Monday, August 21, 2006

First Amendment & The Press

When the media prints a story from unnamed sources and then refuse to divulge the names of the sources as this would cause sources to dry up I understand. This has to be tempered by the threat of made up sources and the media does a pretty good job of roasting it's own when such a violation is uncovered.

This weekend I was reading the WSJ opinions page from August 19 -20th, 2006. One of the areas I always look to is the upper right hand corner of the second page. Sometimes the opinion expressed in this area is of little to no interest. In this edition I found it interesting. Theodore J. Boutrous, Jr., a lawyer by trade, was expressing his opinion on a lawsuit regarding the use of a phone conversation originally acquired via illegal means. Mr. Boutrous represents Dow Jones, which is noted, so clearly his opinion will support that of the media and the WSJ.

Mr. Boutrous argues that although the taping of the phone conversation was illegal the reporters, and a congressmen who actually received the tape first and passed it on, had a right to publish it as the conversation was accurate and the reporters committed no crime. The argument is obviously one around the First Amendment and freedom of the press.

I disagree. If my TV is stolen and the thief gets on EBAY and sells it, I still expect my TV back. I don't expect the buyer to be arrested.
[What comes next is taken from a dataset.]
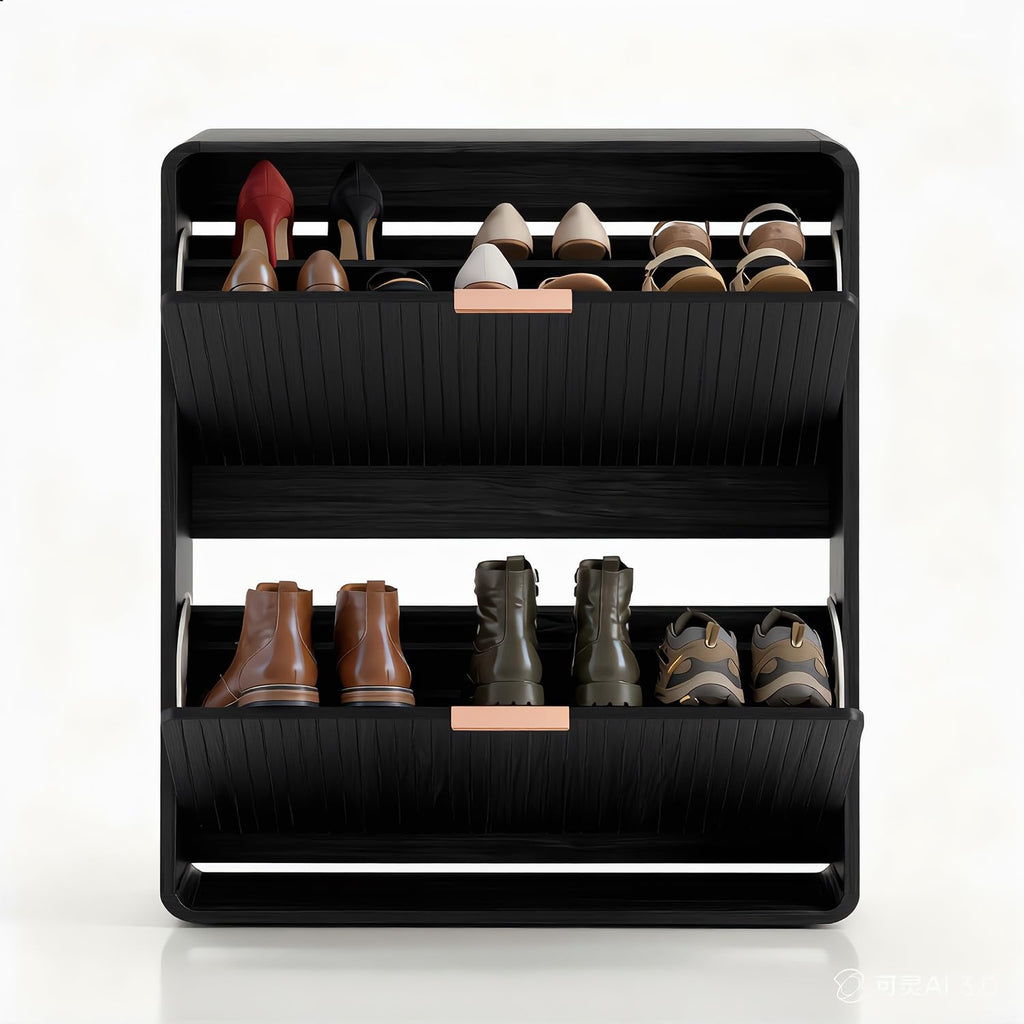 Modern Shoe Cabinet with 2 Flip Drawers, Fluted Panel Freestanding Wood Organizer, Black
If the Buyer knew the TV was stolen neither they nor anyone else would have purchased it I would like to think. Similar to a pawn store where they actively check for stolen merchandise before purchasing anything to avoid problems with the law and their business licenses.

It is illegal to tape phone conversations without the parties being aware of the taping. The conversation is now stolen property and is readily identifiable as so. A respectable news organization should make sure to return the property and not publish it.

A prosecutor in a court of law would not be able to use such a piece of evidence to convict someone so if it could taint a court proceeding why doesn't it taint a news organization?